• [Problem to work on]
Take the records below and extract, word for word, the lines from the one containing "Dynamo 12V 35AMP KUBOTA =15321-64010" through the final line, inclusive. Omit pictures.

• [Materials provided]

******

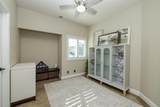 227 Van Dyken Way - Photo 17
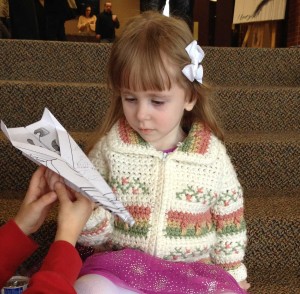 learning skills for life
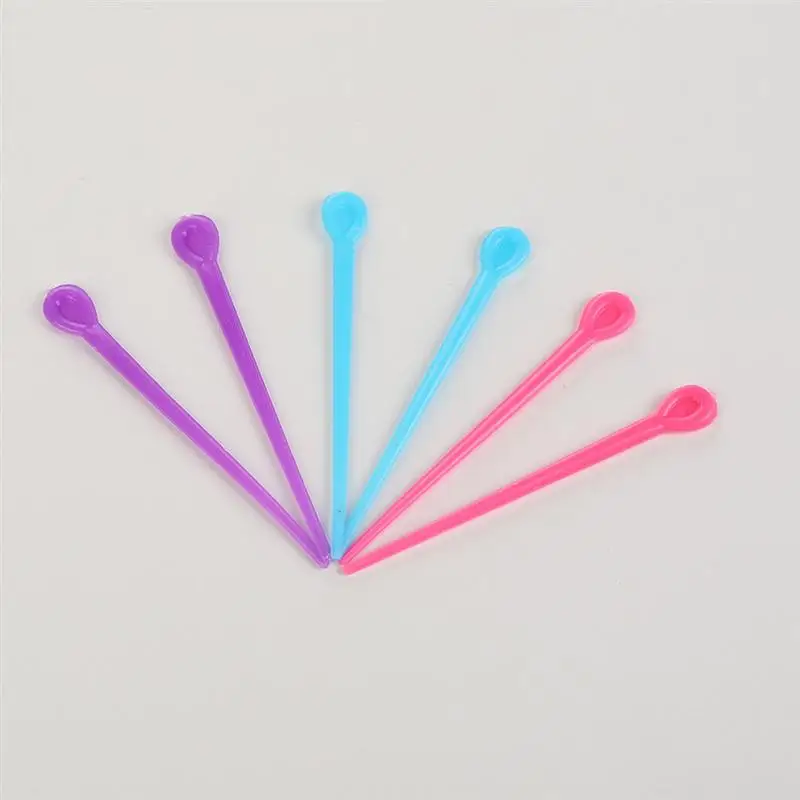 new Hair Roller Picks Styling Curling Clips Brush Pick Pin Hairdressing Tools Curler Perm Perming 2025 Accessories Rollers Curlers Kit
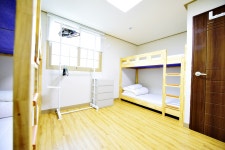 간드락게스트하우스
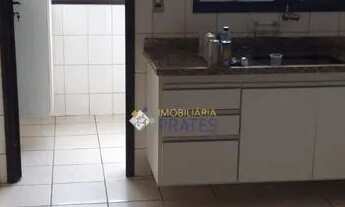 Imagem 3: Apartamento com 3 dormitórios para alugar, 80 m² por R$ 1.300,00/mês - Vila Anchieta - São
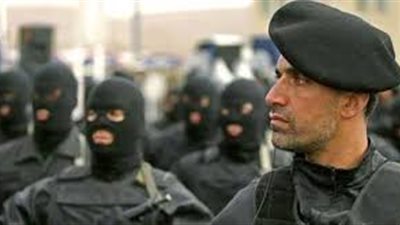 توقيف أستاذة جامعية كندية إيرانية فى طهران 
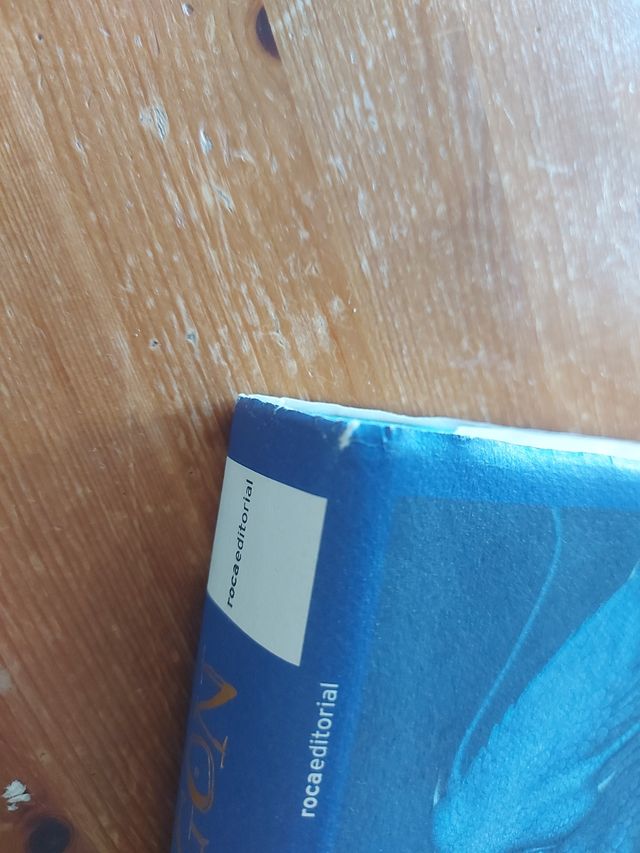 Eragon , de Christopher Paolini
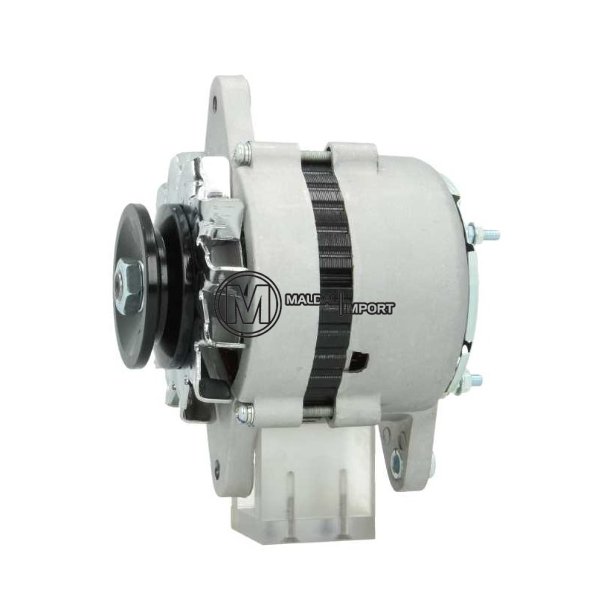 Dynamo 12V 35AMP KUBOTA =15321-64010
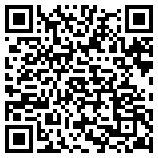 QR Code for Macomb Mechanical in Fraser, MI 48026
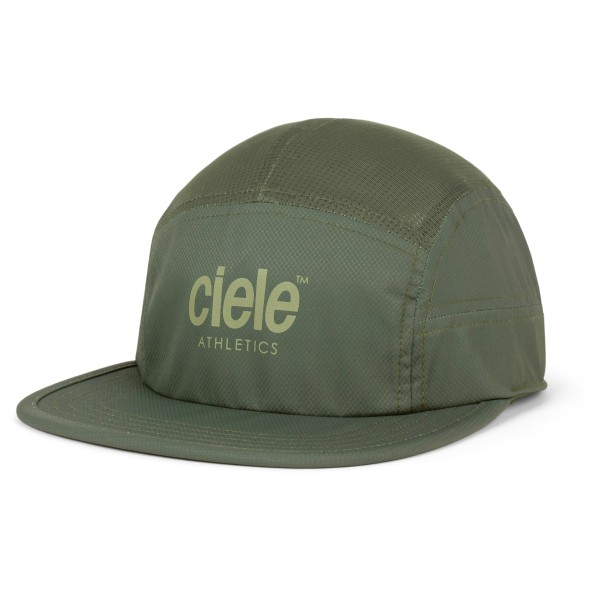 Ciele Athletics - GOCap-Classic-Athletics - Casquette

******

• [Written response]
 Dynamo 12V 35AMP KUBOTA =15321-64010
 QR Code for Macomb Mechanical in Fraser, MI 48026
 Ciele Athletics - GOCap-Classic-Athletics - Casquette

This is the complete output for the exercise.